From: Vernon Mauery <vernux@us.ibm.com>
To: Darren Hart <dvhltc@us.ibm.com>
Cc: Thomas Gleixner <tglx@linutronix.de>,
linux-kernel@vger.kernel.org,
Sripathi Kodi <sripathik@in.ibm.com>,
Peter Zijlstra <peterz@infradead.org>,
John Stultz <johnstul@us.ibm.com>,
Steven Rostedt <rostedt@goodmis.org>,
Dinakar Guniguntala <dino@in.ibm.com>,
Ulrich Drepper <drepper@redhat.com>,
Eric Dumazet <dada1@cosmosbay.com>, Ingo Molnar <mingo@elte.hu>,
Jakub Jelinek <jakub@redhat.com>,
niv@linux.vnet.ibm.com
Subject: Re: [tip PATCH v7 0/9] RFC: futex: requeue pi implementation
Date: Tue, 07 Apr 2009 14:33:03 -0700 [thread overview]
Message-ID: <49DBC68F.3080508@us.ibm.com> (raw)
In-Reply-To: <49DA2DFA.5080205@us.ibm.com>
Darren Hart wrote:
> Thomas Gleixner wrote:
>> Darren,
>>
>> On Fri, 3 Apr 2009, Darren Hart wrote:
[snip]
>> Darren, could you please polish the initial design notes - especially
>> point out the subtle differences between requeue and requeue_pi - and
>> send them into the thread? That might help Uli and Jakub and we
>> definitly want to have that info preserved in Documentation/ as well.
>
> I'll be away most of the day so I've whipped something up quickly in
> order to get discussion started. It is probably a little heavy on the
> glibc details and a little light on the kernel details for inclusion in
> Documentation/. Please review for high-level content and let me know
> what you would like to see more or less of. I'll pick this back up
> tomorrow to incorporate any suggestions and flesh out the kernel details
> a bit more.
>
Darren,
A gentle review of your documentation follows.
> Futex Requeue PI
> ----------------
>
> Requeueing of tasks from a non-PI futex to a PI futex requires special
> handling in order to ensure the underlying rt_mutex is never left without an
> owner if it has waiters; doing so would break the PI boosting logic [see
> rt-mutex-desgin.txt] For the purposes of brevity, this action will be referred
> to as "requeue_pi" throughout this document.

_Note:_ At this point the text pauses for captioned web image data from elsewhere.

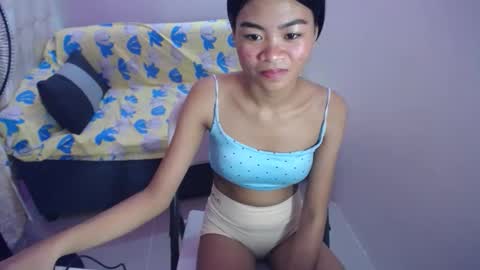 Snapshot of abbywinter18 chatting on September 26, 12:47 am abbywinter18 online show from September 26, 12:47 am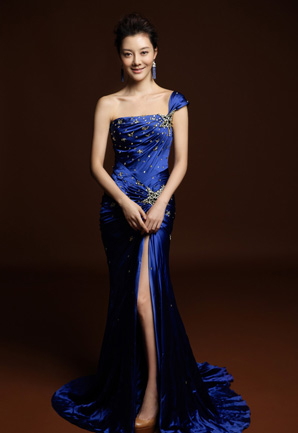 车晓：2010年1月24日，演员车晓与29岁的山西首富海鑫钢铁集团掌门人李兆会结婚，然而不到两年，两人便和平离婚。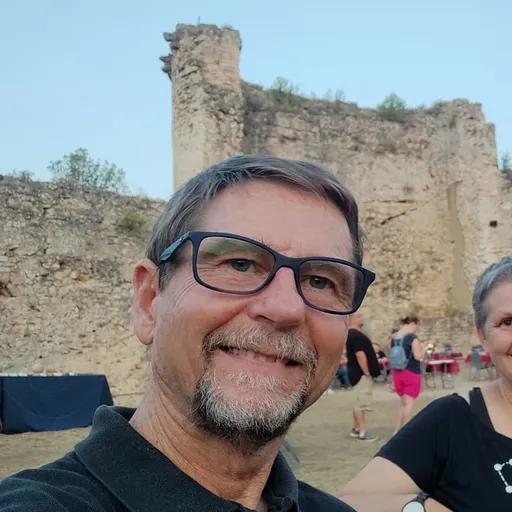 Entrevista a Carles Schnnabel, responsable del Planetari Fora d'Òrbita.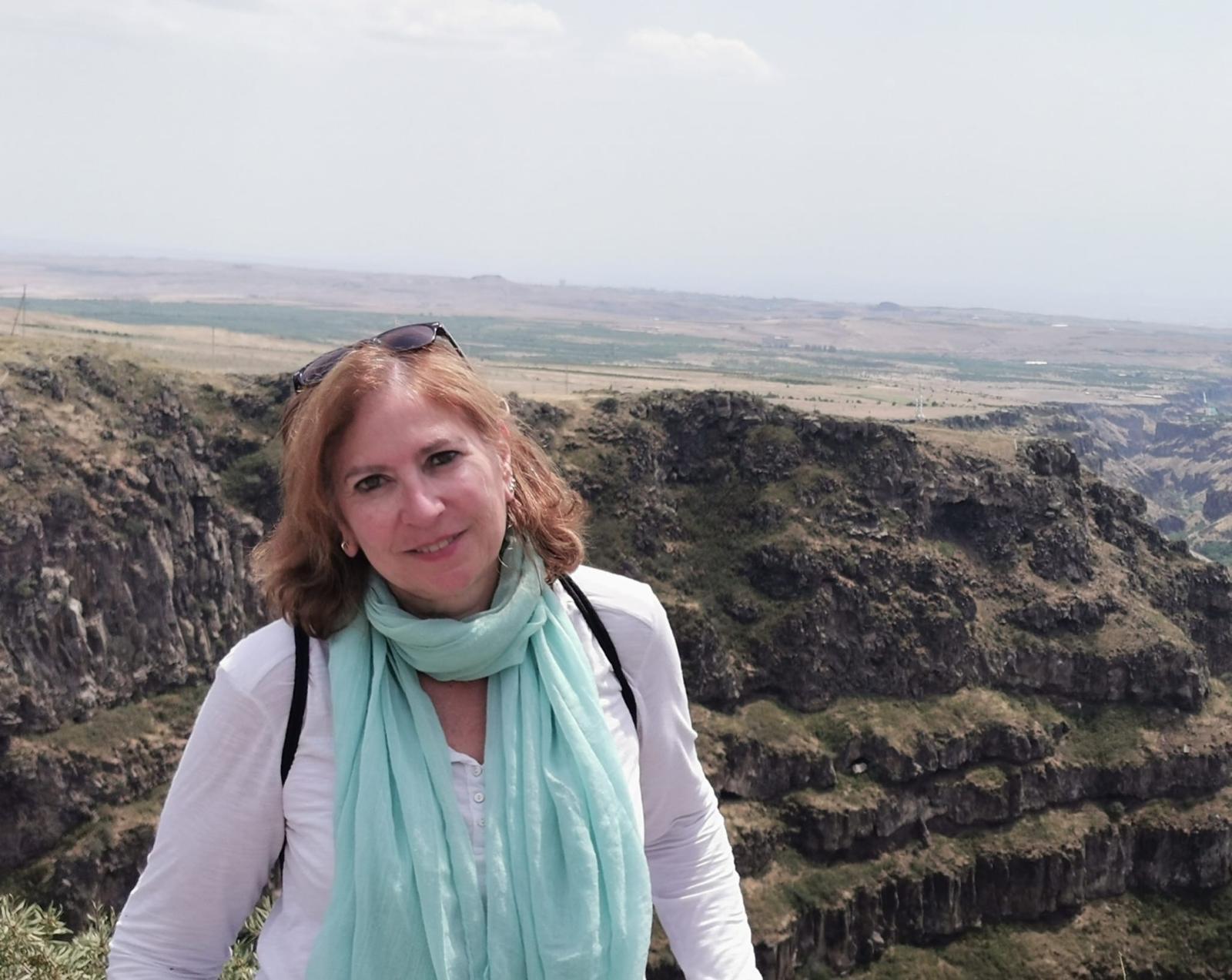 Rocío Millán,  responsable de la Unidad de Conservación y Recuperación de Suelos del CIEMAT, en uno de sus viajes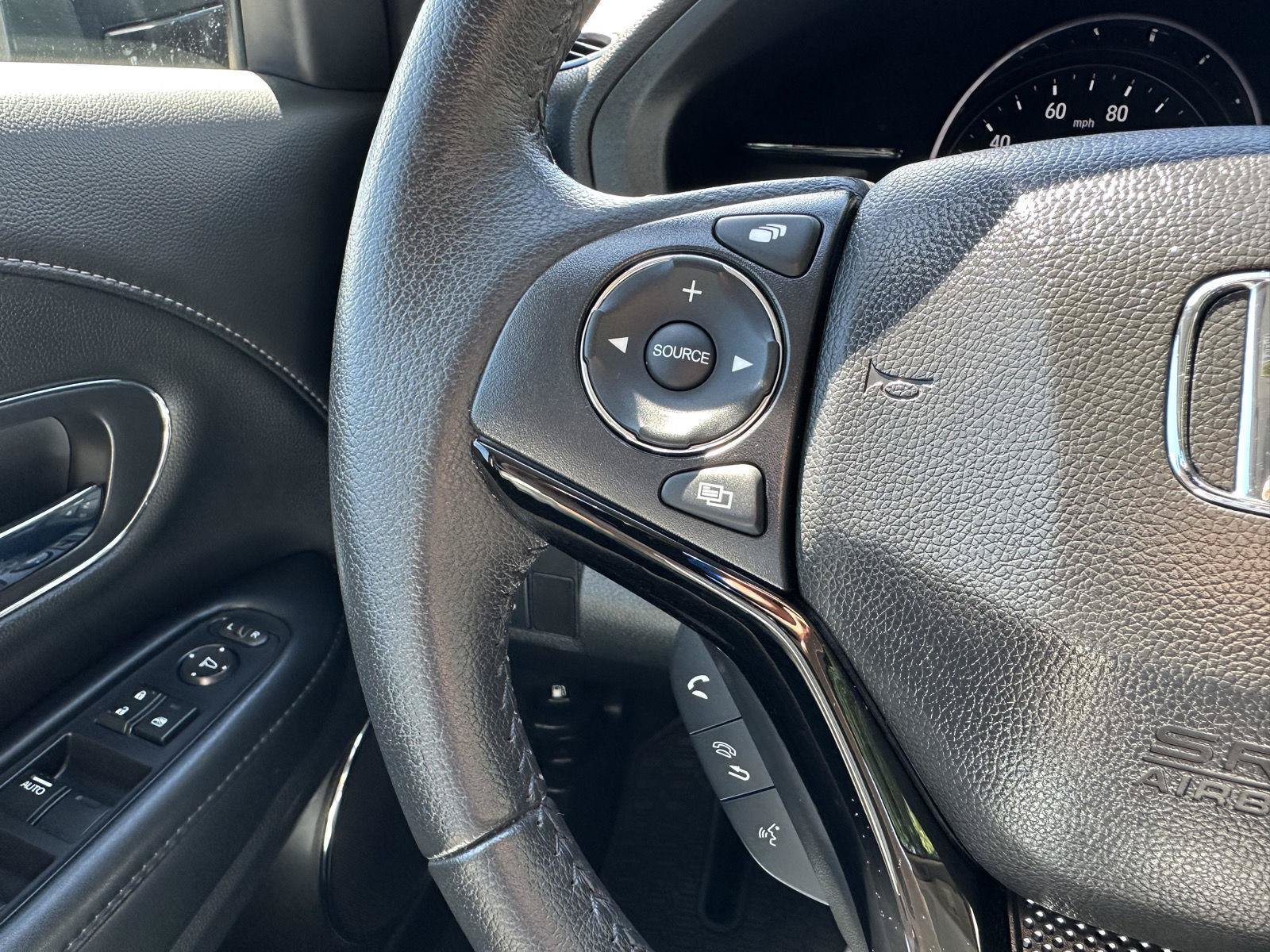 Used 2021 Honda HR-V EX-L image 15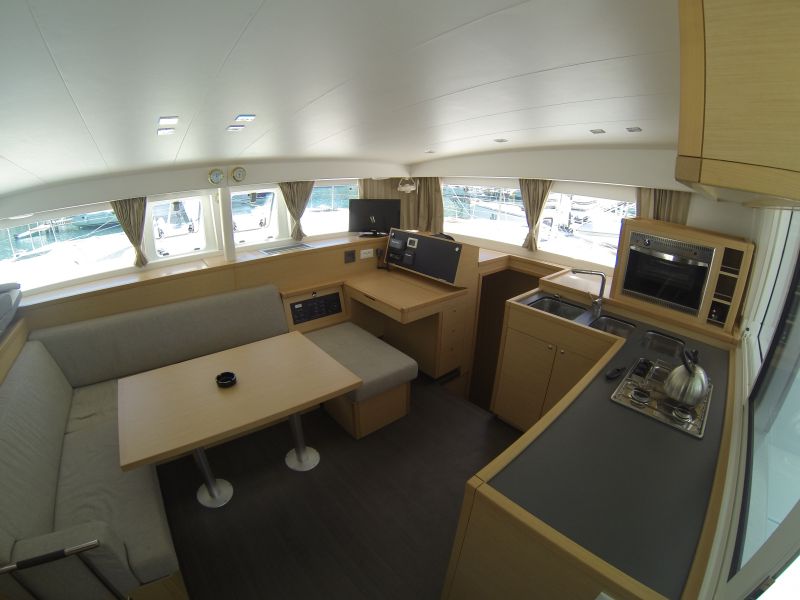 Lagoon 400 S2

Priority inheritance is
> abbreviated throughout as "PI".
>
> Motivation
> ----------
>
> Without requeue_pi, the current implementation of pthread_cond_broadcast()
> must resort to waking all the tasks waiting on a pthread_condvar and letting
> them try and sort out which task gets to run first in classic thundering-herd
^try to sort out^
> formation. An ideal implementation would wake the highest priority waiter,
^highest-priority^
> and leave the rest to the natural wakeup inherent in unlocking the mutex
> associated with the condvar.
>
> Consider the simplified glibc calls:
>
> /* caller must lock mutex */
> pthread_cond_wait(cond, mutex)
> {
> lock(cond->__data.__lock);
> unlock(mutex);
> do {
> unlock(cond->__data.__lock);
> futex_wait(cond->__data.__futex);
> lock(cond->__data.__lock);
> } while(...)
> unlock(cond->__data.__lock);
> lock(mutex);
> }
>
> pthread_cond_broadcast(cond)
> {
> lock(cond->__data.__lock);
> unlock(cond->__data.__lock);
> futex_requeue(cond->data.__futex, cond->mutex);
> }
>
> Once pthread_cond_broadcast() requeues the tasks, the cond->mutex has waiters.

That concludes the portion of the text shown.